Friday, February 24, 2006

The Next Five Minutes ... Will it be Productive for Your Customer?

Nothing accelerates the path to value more than capturing and understanding what your customers want to accomplish in the next five minutes, and delivering a relevant and personalized experience that makes it possible for them to achieve their objectives.

Do this and you will connect faster.

To do this, obviously, you need to change your internal marketing processes. You need to capture the customer data that is important to your ability to help them achieve their goals.

Start tomorrow morning. Keep it simple. Just do it with a couple of prospects. Ask them what they care about, what they want to do, what they value.
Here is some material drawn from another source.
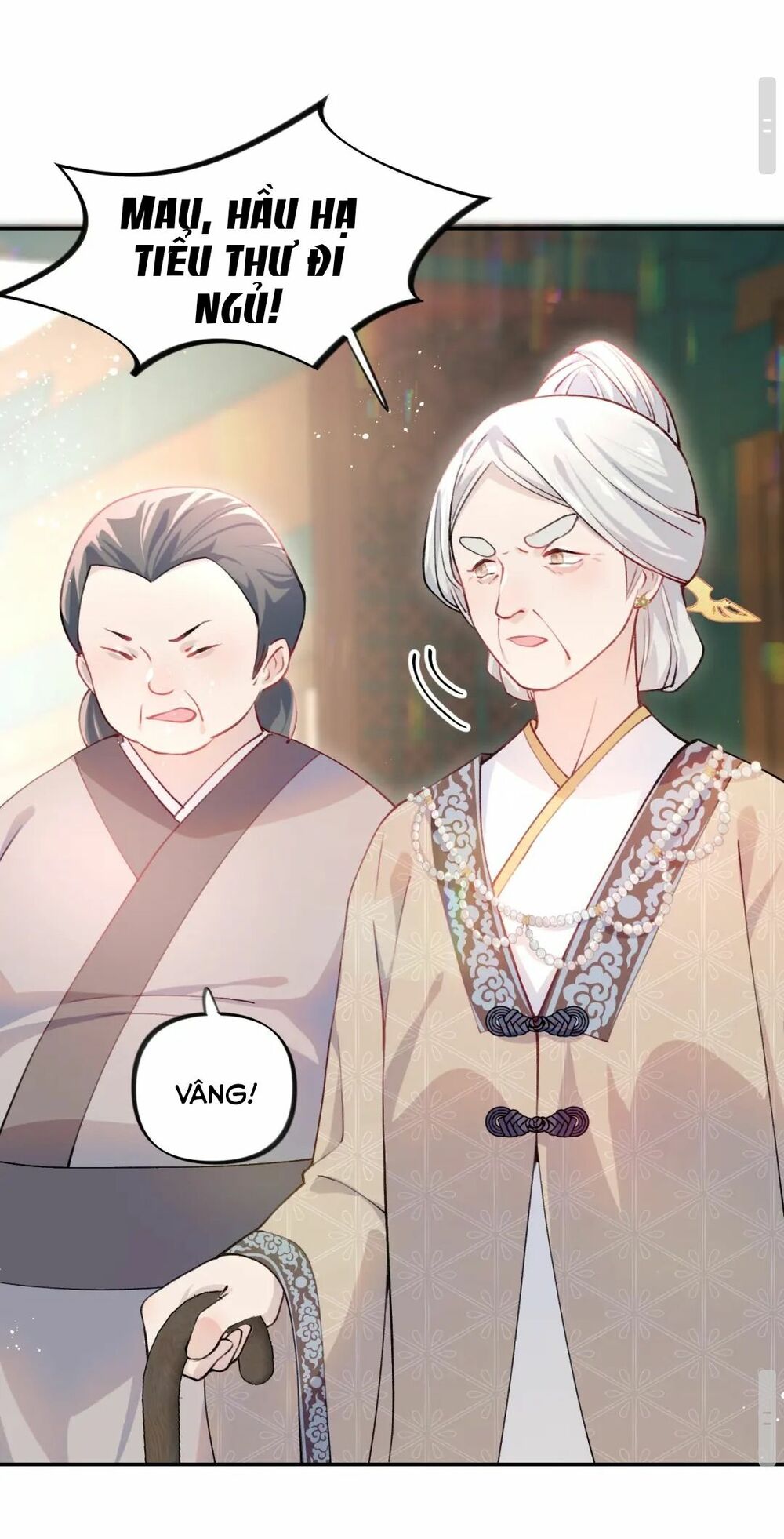 Một Đêm Bệnh Kiều Đột Nhiên Tới: Chapter 8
Then step back and look at all the resources at hand and use them to make these few prospects successful. Stay connected with them and let them know you want to help them achieve their goals.

Learn from the experience and begin again with a larger group of prospects. Build up your processes gradually. But keep a focus on what you can do to make each customer encounter deliver in the next five minutes a relevant and personalized experience.


At 3:59 PM, Blogger amy said...

The idea of simplicity in public relations and marketing seems to be following me around. I have been told on more than one occasion over the past few months that the key to selling a product or pitching a campaign is to keep it simple and too the point. Keep the frills to a minimum and just get straight to the point. It is such an obvious idea, but I feel like it is also an idea that is overlooked a good bit. But, if you get right down to the bare basics, public relations and marketing are basically finding out what the client or public wants and figuring out a way to give it to them as honestly as possible. That seems like a pretty simple concept to me.

At 11:33 PM, Anonymous Heather said...

I agree with your post and what Amy had to say in her comment. Simplicity is key to the majority of things. In marketing and public relations it is best to keep it down to the bare minimum. What the client/customer wants, why they want something and what do they expect to get from it. This also plays into effect in survey research. In our class we are working with a client to produce a survey for them to find out any information they want to know. We will ask them, in the first five minutes of our meeting, what they want to get out of this survey, what they want to do with the results and why they want to do the survey.
This simplicity rule can be, and should be, applied to almost every situation including in the job and school fields. The process of finding information from your client should be a gradual process like you said. Once you get the foundation up and strong, then the details and specifics can be added. Starting small and working into a larger and bigger picture.